Select Committee on Education and Skills

Education (Admission to Schools) Bill 2016: Committee Stage

4:30 pm

Photo of Richard BrutonRichard Bruton (Dublin Bay North, Fine Gael) | Oireachtas source

Amendment No. 96 seems okay. We feel the council must have regard to the school that is in the best interests of the child to attend. I have no problem with that in principle.

With regard to amendment No. 100, tabled by Deputy Martin, the Bill already provides the council must have regard to the school's ability to accommodate the child. The amendment proposed would reword this to refer to the school's ability to make all reasonable efforts to accommodate the child. I consider the current wording, referring simply to the school's ability, is adequate and takes account of the fact this will depend on the school in question. Inserting the proposed wording might cause confusion about this provision and potentially dilute its meaning.

I wish to point out, with regard to amendments Nos. 113 and 124, that the Bill applies to recognised schools only. It does not apply to schools that are not funded or recognised by the Minister for Education and Skills.

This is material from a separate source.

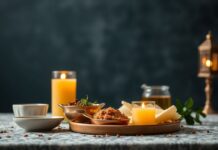 الوقت المثالي للافتار: نصائح ومعلومات مفيدة The ideal time for Iftar: Tips and useful information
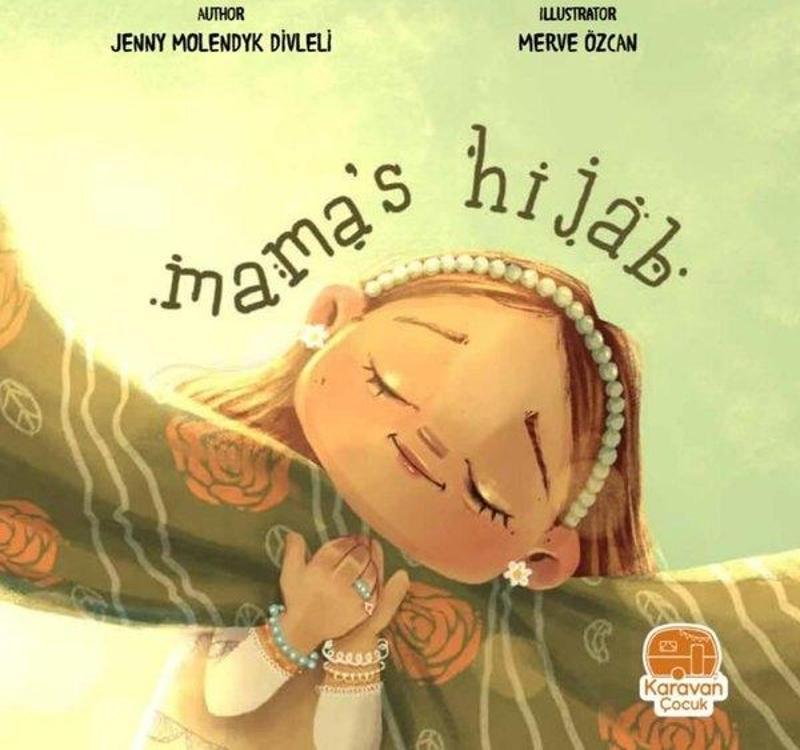 Mama's Hijab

Such a non-recognised school should not, therefore, be designated under this section. Accordingly, amendments proposing that these particular provisions of the Bill be confined to schools that are not aided by the Department, in other words, non-recognised schools, do not make sense in the context of a Bill that does not apply to non-recognised schools. I therefore do not accept the amendment.

Amendments Nos. 115 and 126 relate to a parental appeal, and it must be pointed out that the designation powers in the section are targeted at very specific situations. They are aimed at children who have no school place at all, including where their parents have tried and failed across many schools to secure a school place for their child. These provisions are not about ensuring parents in those circumstances get their preferred school or school of first choice. The provisions give the council or the agency, as applicable, a power of last resort which can be used after a child has been refused access to many schools. These provisions are not about creating new places in schools that are already full, nor are they about ensuring that the preferred school of choice is designated. Where a school is designated for a child, the school is required to admit that child. There is no corresponding compulsion on the parent to avail of the place in the designated school. The parent may yet decide to pursue other applications or appeals under section 29. It is, however, appropriate that there would be an appeal process for the designated school as the school is being compelled to admit the child. A school could be designated, even where it has already lawfully refused the child and an appeal decision under section 29 has upheld that decision. Therefore, it is reasonable that a school would have a final opportunity to appeal when such a significant interference in its affairs is in question. It should be noted that an appeal will only be upheld where the appeals committee is satisfied that the agency or council, as applicable, has not complied with the requirements of this section or where the school has established that the decision of the agency or council is unreasonable.

Under this section, parents can appeal where the agency or council has failed or refused to make a designation. It must also be noted that the agency or council under the Bill must have regard to the wishes of the parents and the school that, in the view of the agency or council, is in the best interests of the child concerned. However, I do not consider that there should be an appeal on whether the school that has been designated is the preferred school for the parents. For these reasons I do not accept the amendment.

Amendments Nos. 121 to 123, inclusive, all propose to delete the provision allowing a designation to be cancelled where a school has proved that the refusal to admit the child is essential to maintain the ethos of the school as provided for by section 7(3)(c) of the Equal Status Act. I have provided for this provision to be removed as already outlined.

Amendment No. 147 defines "all reasonable efforts" by a parent and I do not consider that such an amendment is appropriate. It will be a matter for the agency, council or appeals committee concerned to determine whether a parent has made such efforts. The agency or council must itself also have regard to the interests of the child and the availability of places locally.

Deputy Shortall raised the question about the amendment which inserted the words, "must have regard to the admissions policy". This is to look at issues such as the gender of the school and that a requirement would not be imposed on, for example, an all-girls school. The overriding situation is that the best interests of the child is what will be served but this is a factor the National Council for Special Education, NCSE, would bear in mind.